Proposal: Add "fma" to the RealFloat class

Carter Schonwald carter.schonwald at
Sun May 3 23:50:08 UTC 2015

.... how would you have an implementation of finite precision floating
point that has the "expected" exact algebraic laws for * and +?

I would argue that Float and Double do satisfy a form of the standard
algebric laws where equality is approximate.

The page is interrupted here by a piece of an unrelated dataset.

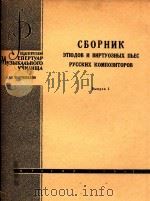 CBOPOHNK=俄罗斯作曲家钢琴练习曲和技巧演奏乐曲集（ PDF版）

eg  (a+(b+c)) - ((a+b)+c) <= \epsilon, where epsilon  is some constant
multiple of max(ulp(a),ulp(b),ulp(c)).
(a similar idea applies to pretty much any other algebraic law you can
state, such as distributivity etc)

I do think that it'd be useful if the RealFloat class provided an ulp
function (unit of least precision), which is available as part of any IEEE
compliant c float library.

there are MANY computable number represntations where the *exact* algebraic
laws dont hold, but this *approximate* form which provides some notion of
bounded forwards/backwards relative/absolute error bound guarantee in a
particularly strong way.

i think we should figure out articulating laws that play nice for both the
*exact* and *approximate* universes.  the

On Sun, May 3, 2015 at 7:05 PM, Mike Meyer <mwm at> wrote:

> On Sun, May 3, 2015 at 4:11 PM, Levent Erkok <erkokl at> wrote:
>    * Tikhon Jelvis suggested these functions should be put in a different
> class, which suggests that we're following IEEE754, and not some idealized
> model of numbers. I think this suggestion is spot on, and is very much in
> line with what I wanted to have.
> This is very much in line with a suggestion I've been toying with for
> a long time. Basically, we have three different ideas for how floats
> should behave, and the current implementation isn't any of them. So
> I've been thinking that we ought to deal with this by moving Float out
> of Prelude - or at least large chunks of it.
> The three different models are:
> 1) Real numbers. We aren't going to get those.
> 2) IEEE Floats. This is what we've got, except as noted, there are
>    lots of things that come with this that we don't provide.
> 3) Floats that obey the laws of Num. We don't get that, mostly because
>    getting #2 breaks things.
> The breakage of #3 causes people creates behavior that's surprising -
> at least to people who aren't familiar with IEEE Floats.
> So the proposal I've been toying with was something along the lines of
> breaking RealFloat up along class lines. Those classes where RealFloat
> obeyed the class laws and IEEE Float behavior would stay in
> RealFloat. The rest would move out, and could be gotten by importing
> either Data.Float.IEEE or Data.Float.Num (or some such).
> Ideally, this will leave enough floating point behavior in the Prelude
> that doing simple calculations would just work - at least as well as
> it ever did, anyway. When you start doing things that can currently
> generate surprising results, you will need to import one of the two
> options. Figuring out which one means there's a chance you'll also
> figure out why you sometimes get those surprising results.